Anne Inglis reviews Sharon L. Stohrer’s text for players on building confidence and conquering performance anxiety
The Empowered Performer: The Musician’s Companion in Building Confidence & Conquering Performance Anxiety
Sharon L. Stohrer
245PP ISBN 9798831764840
This book is addressed to all musicians who ‘hope, dream and wonder’. It is a firm nudge in the direction of enabling the taming of performance anxiety and then the empowerment that results. It is full of good advice and encouragement, with chapter headings such as ‘Stepwise Success’ and ‘Tell your Inner Critic to Shut the H*ll Up’.
I remember the pages of The Strad devoted to Kató Havas, and videos and books, especially her Stage Fright: Its Causes and Cures, with Special Reference to Violin Playing, which dealt with this topic decades ago; many performers found Havas’s tips helpful. Her writing was focused on string players and their problems engendered by stage fright, which in these pages do not need spelling out. The language has changed, and stage fright is often referred to as anxiety, although there are plenty of references to stage fright, too, as Stohrer doesn’t dissemble and aims to provide a useful process for an approach.

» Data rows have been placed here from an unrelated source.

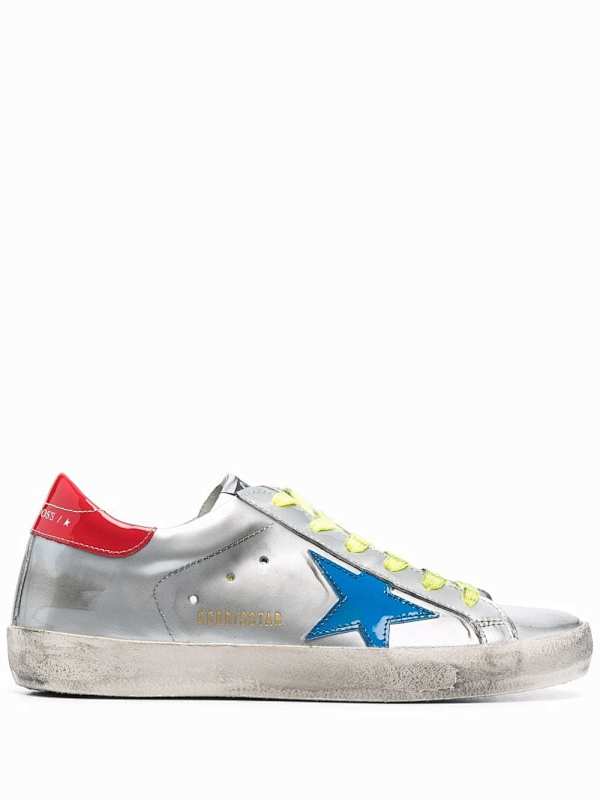 GOLDEN GOOSE SHOES (1883)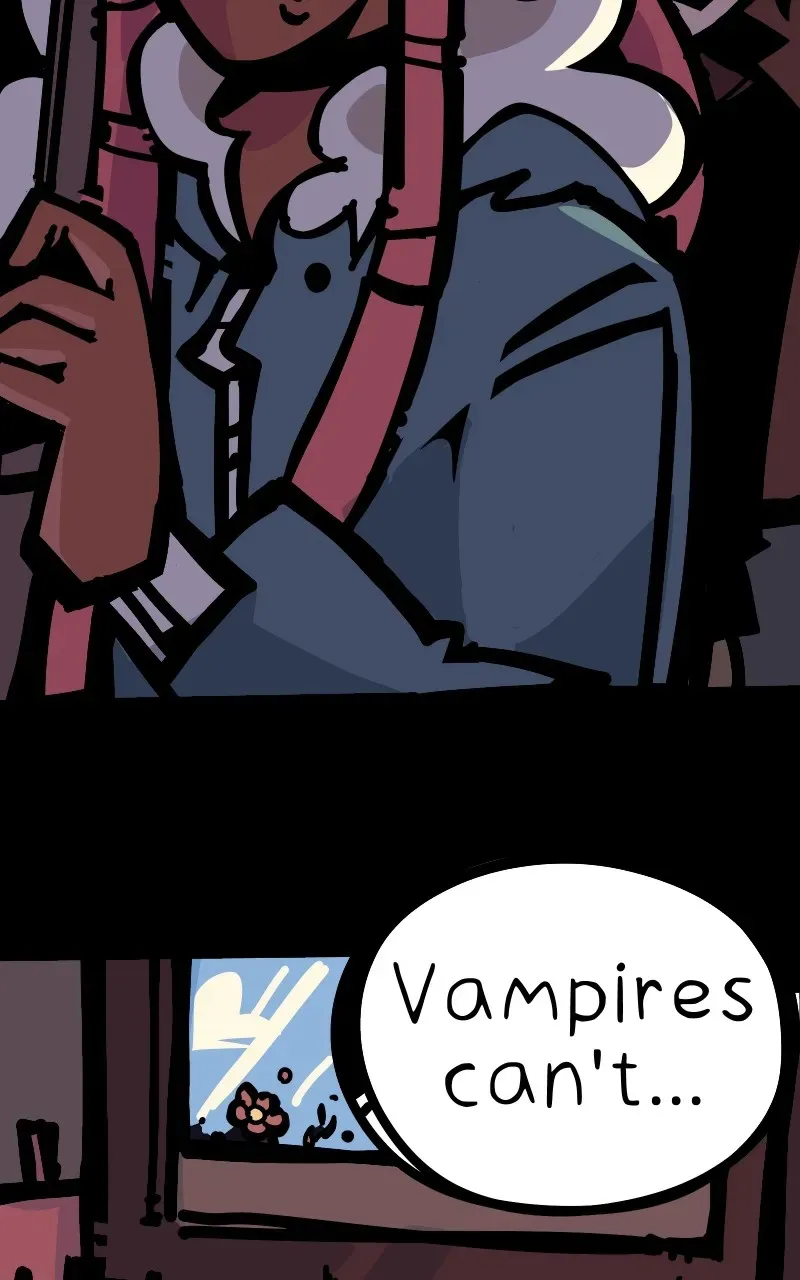 Read Paperteeth! Manga Online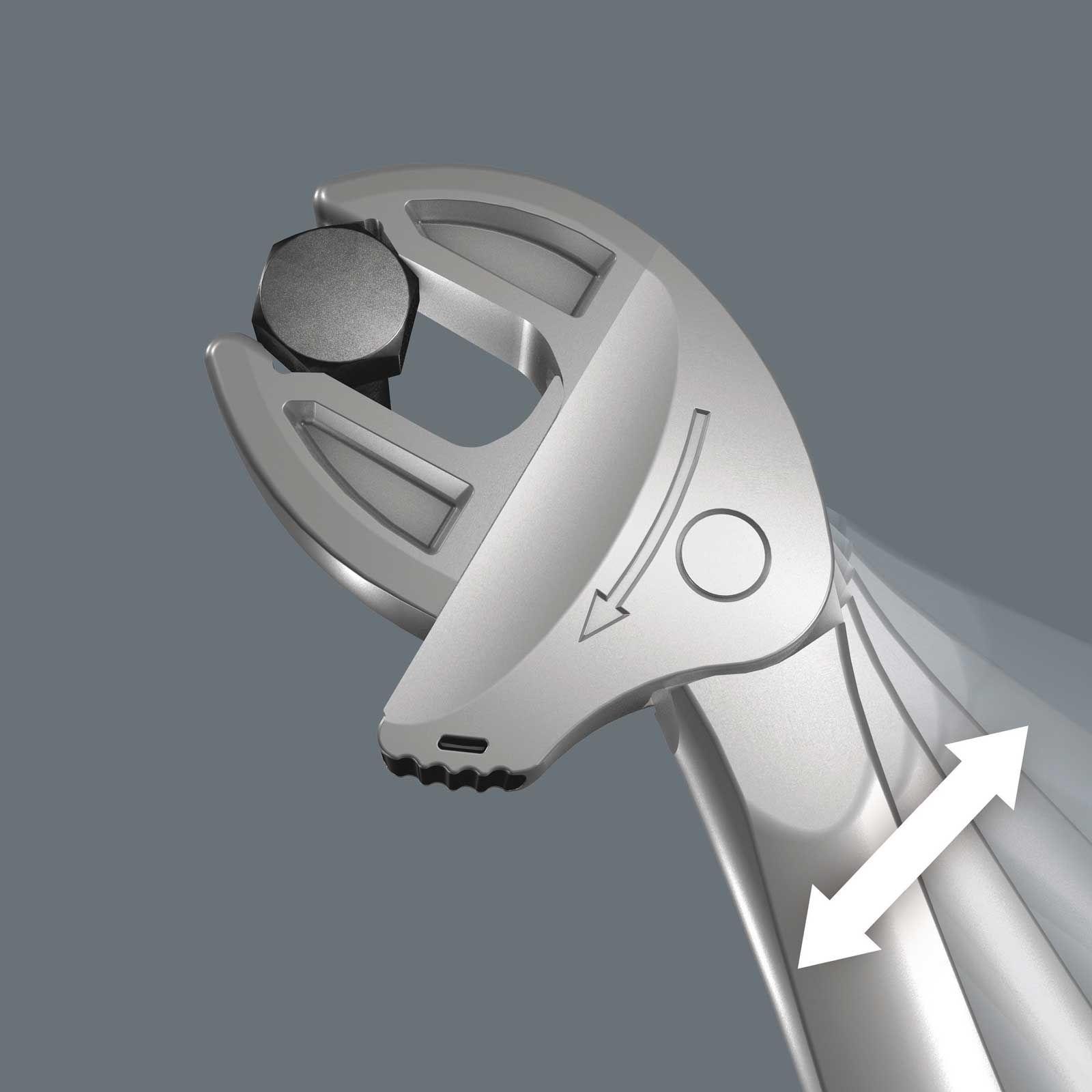 Wera 6006 Joker XS/S Selbstjustierender Doppelmaulschlüssel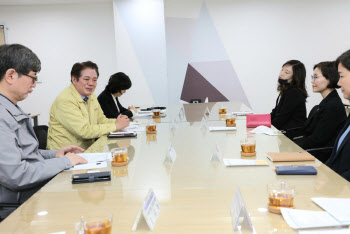 최대호 안양시장 ‘디지털성범죄 피해 지원’ TF 제안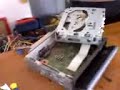 como limpiar un stereo.... Por: Pato de Extreme car audio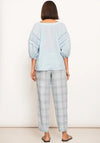 Dresdan Check Pant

There is emphasis on preparation, and that there is no silver bullet. Stohrer calls the process of overcoming stage fright a journey, and that for some it might be a longer one than for others. She invites you to doodle and be honest on written reactions. Attention is paid to the different types of focus, for example narrow focus, often achieved with the use of breath as in yoga. And the methods of achieving this are included in your daily practice.
Topics addressed include fear and its place in a performance; breathing, the natural tranquilliser of exercise; and practical techniques for personal programming. There are pages of strategies, a section on self-analysis, confronting your inner judges, and the importance of both rest and fun. And there are plenty of resources mentioned, including apps.
I found this an invigorating book, and very generous in its advice. One feels the author is really on side and trying to help, and the mood is always positive and encouraging but not prescriptive or controlling. Anyone suffering or affected by anxiety could benefit from its pages; and there is plenty, too, for the non-performer that could support approaches to difficulties in daily life.